» **WHAT YOU ARE ASKED TO DO**
Locate the string "also" in the listing below. Copy every line where it is found.

» **INPUT DATA**
=== Section Start ===
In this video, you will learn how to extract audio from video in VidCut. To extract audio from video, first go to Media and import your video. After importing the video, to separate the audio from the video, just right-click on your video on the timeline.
=== Section End ===
=== Section Start ===
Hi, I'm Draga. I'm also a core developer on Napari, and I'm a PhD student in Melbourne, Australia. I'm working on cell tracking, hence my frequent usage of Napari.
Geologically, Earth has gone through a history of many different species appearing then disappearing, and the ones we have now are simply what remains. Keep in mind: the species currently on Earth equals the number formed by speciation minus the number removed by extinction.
=== Section End ===
=== Section Start ===
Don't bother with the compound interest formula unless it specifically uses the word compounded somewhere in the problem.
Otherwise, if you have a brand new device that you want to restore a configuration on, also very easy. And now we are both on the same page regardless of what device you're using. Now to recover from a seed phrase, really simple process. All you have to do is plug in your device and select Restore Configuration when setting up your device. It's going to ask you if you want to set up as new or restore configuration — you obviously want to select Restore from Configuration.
=== Section End ===
» **WRITTEN ANSWER**
Hi, I'm Draga. I'm also a core developer on Napari, and I'm a PhD student in Melbourne, Australia. I'm working on cell tracking, hence my frequent usage of Napari.
Otherwise, if you have a brand new device that you want to restore a configuration on, also very easy. And now we are both on the same page regardless of what device you're using. Now to recover from a seed phrase, really simple process. All you have to do is plug in your device and select Restore Configuration when setting up your device. It's going to ask you if you want to set up as new or restore configuration — you obviously want to select Restore from Configuration.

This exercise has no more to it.